When the fetch process is complete, we return the values of the items object.
If the repository is public, we also persist this data structure in a long-term cache for future use.
## Recurring fetches
In the case where we already have items stored in the cache, we can model the fetch process as follows.
Suppose we have a new release that changes the pagination of our items.
Also note that versions `3.0.1` and `3.0.2` are deleted since last fetch.

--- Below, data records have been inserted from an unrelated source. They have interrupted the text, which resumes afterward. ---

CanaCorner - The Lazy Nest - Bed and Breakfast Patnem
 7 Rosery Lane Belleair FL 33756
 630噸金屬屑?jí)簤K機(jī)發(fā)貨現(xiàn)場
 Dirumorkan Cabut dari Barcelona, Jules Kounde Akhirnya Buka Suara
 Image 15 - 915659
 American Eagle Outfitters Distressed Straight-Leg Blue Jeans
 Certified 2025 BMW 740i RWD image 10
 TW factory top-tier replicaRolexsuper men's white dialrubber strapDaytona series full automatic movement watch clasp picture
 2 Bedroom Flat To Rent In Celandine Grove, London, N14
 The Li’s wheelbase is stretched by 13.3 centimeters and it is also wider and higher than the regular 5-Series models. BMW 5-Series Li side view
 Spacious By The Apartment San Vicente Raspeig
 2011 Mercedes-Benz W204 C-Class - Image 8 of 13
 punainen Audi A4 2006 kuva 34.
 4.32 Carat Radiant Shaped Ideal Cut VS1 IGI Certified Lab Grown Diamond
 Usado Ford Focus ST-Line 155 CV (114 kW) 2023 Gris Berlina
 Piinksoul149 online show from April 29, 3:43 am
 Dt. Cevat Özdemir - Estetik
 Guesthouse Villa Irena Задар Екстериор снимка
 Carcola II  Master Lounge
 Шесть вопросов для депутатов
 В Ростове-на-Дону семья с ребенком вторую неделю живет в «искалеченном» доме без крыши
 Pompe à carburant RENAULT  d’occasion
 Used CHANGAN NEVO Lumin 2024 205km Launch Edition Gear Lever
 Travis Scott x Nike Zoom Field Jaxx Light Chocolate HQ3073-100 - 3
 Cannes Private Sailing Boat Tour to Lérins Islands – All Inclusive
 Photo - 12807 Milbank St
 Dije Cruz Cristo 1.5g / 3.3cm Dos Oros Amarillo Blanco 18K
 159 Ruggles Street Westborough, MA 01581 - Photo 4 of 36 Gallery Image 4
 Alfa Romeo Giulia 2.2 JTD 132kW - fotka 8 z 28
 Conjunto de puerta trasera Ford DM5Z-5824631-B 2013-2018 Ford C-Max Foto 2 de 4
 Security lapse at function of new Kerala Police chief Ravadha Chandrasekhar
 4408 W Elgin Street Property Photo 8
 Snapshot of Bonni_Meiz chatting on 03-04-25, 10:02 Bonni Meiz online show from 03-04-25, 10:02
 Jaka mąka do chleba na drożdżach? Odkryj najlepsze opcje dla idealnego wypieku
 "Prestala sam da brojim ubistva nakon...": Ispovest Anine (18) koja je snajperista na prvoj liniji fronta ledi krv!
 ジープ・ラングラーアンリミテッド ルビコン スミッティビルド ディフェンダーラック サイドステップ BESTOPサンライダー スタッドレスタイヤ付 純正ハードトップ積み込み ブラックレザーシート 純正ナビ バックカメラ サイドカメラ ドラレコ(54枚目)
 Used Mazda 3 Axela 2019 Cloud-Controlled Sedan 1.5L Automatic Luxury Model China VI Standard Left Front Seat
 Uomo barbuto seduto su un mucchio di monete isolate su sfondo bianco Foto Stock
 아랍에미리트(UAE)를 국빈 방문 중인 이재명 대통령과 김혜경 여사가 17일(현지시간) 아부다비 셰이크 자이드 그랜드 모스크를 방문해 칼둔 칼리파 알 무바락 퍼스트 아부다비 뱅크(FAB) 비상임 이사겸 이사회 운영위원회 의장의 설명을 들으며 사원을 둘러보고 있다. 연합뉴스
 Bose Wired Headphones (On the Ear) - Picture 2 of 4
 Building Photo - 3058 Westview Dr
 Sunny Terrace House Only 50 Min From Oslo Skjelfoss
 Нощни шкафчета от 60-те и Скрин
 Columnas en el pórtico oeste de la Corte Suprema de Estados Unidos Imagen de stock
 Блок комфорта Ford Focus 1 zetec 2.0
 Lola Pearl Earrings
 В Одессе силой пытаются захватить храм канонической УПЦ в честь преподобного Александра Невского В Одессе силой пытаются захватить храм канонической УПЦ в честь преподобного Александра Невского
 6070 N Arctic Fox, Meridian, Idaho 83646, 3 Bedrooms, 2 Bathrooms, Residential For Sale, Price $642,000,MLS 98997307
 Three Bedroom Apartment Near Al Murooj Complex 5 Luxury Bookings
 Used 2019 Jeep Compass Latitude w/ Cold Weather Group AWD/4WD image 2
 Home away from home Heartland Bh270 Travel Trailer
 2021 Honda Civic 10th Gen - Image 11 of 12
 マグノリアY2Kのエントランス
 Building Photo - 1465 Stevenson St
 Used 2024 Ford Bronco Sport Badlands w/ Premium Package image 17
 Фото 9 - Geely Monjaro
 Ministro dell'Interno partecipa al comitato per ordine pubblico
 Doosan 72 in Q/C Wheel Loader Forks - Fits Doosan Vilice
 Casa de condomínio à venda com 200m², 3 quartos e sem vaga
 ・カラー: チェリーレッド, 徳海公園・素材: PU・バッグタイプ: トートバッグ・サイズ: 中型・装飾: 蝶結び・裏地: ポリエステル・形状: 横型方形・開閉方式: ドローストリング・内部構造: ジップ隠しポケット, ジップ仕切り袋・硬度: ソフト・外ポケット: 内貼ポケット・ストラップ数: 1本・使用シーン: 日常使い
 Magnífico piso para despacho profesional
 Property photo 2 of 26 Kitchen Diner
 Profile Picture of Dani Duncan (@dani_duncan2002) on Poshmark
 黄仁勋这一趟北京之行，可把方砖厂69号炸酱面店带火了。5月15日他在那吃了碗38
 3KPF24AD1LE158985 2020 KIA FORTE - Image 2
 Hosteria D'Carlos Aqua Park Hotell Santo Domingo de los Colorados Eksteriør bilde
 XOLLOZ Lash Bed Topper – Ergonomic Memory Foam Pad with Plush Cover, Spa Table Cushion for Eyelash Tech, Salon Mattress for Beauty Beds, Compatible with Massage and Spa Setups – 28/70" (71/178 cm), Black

The resulting pagination would look like this:
```js
// Page 1 --- FETCHED AND RECONCILED ---
[
{ "version": "4.0.0", "releaseTimestamp": "2022-12-30" }, // new <- item cached
{ "version": "3.1.1", "releaseTimestamp": "2022-12-18" }, // fresh <- item updated
{ "version": "3.1.0", "releaseTimestamp": "2022-12-15" }, // fresh <- item updated
//{ "version": "3.0.2", "releaseTimestamp": "2022-12-09" }, // fresh <- item deleted
//{ "version": "3.0.1", "releaseTimestamp": "2022-12-08" }, // fresh <- item deleted
{ "version": "3.0.0", "releaseTimestamp": "2022-12-05" }, // fresh <- item updated
{ "version": "2.2.2", "releaseTimestamp": "2022-11-23" }, // old <- fetching stopped
]
// Page 2 --- NOT FETCHED ---
[
{ "version": "2.2.1", "releaseTimestamp": "2022-10-17" }, // old
{ "version": "2.2.0", "releaseTimestamp": "2022-10-13" }, // old
{ "version": "2.1.1", "releaseTimestamp": "2022-10-07" }, // old
{ "version": "2.1.0", "releaseTimestamp": "2022-09-21" }, // old
{ "version": "2.0.1", "releaseTimestamp": "2022-09-18" }, // old
]
// Page 3 --- NOT FETCHED ---
[
{ "version": "2.0.0", "releaseTimestamp": "2022-09-01" }, // old
]
```
Given we performed fetch at the day of latest release, new cache looks like:
```js
{
"items": {
"4.0.0": { "version": "4.0.0", "releaseTimestamp": "2022-12-30" },
"3.1.1": { "version": "3.1.1", "releaseTimestamp": "2022-12-18" },
"3.1.0": { "version": "3.1.0", "releaseTimestamp": "2022-12-15" },
"3.0.0": { "version": "3.0.0", "releaseTimestamp": "2022-12-05" },
"2.2.2": { "version": "2.2.2", "releaseTimestamp": "2022-11-23" },
"2.2.1": { "version": "2.2.1", "releaseTimestamp": "2022-10-17" },
"2.2.0": { "version": "2.2.0", "releaseTimestamp": "2022-10-13" },
"2.1.1": { "version": "2.1.1", "releaseTimestamp": "2022-10-07" },
"2.1.0": { "version": "2.1.0", "releaseTimestamp": "2022-09-21" },
"2.0.1": { "version": "2.0.1", "releaseTimestamp": "2022-09-18" },
"2.0.0": { "version": "2.0.0", "releaseTimestamp": "2022-09-01" },
},
"createdAt": "2022-12-20",
}
```
It will be updated by further fetches until cache reset at `2023-01-20`.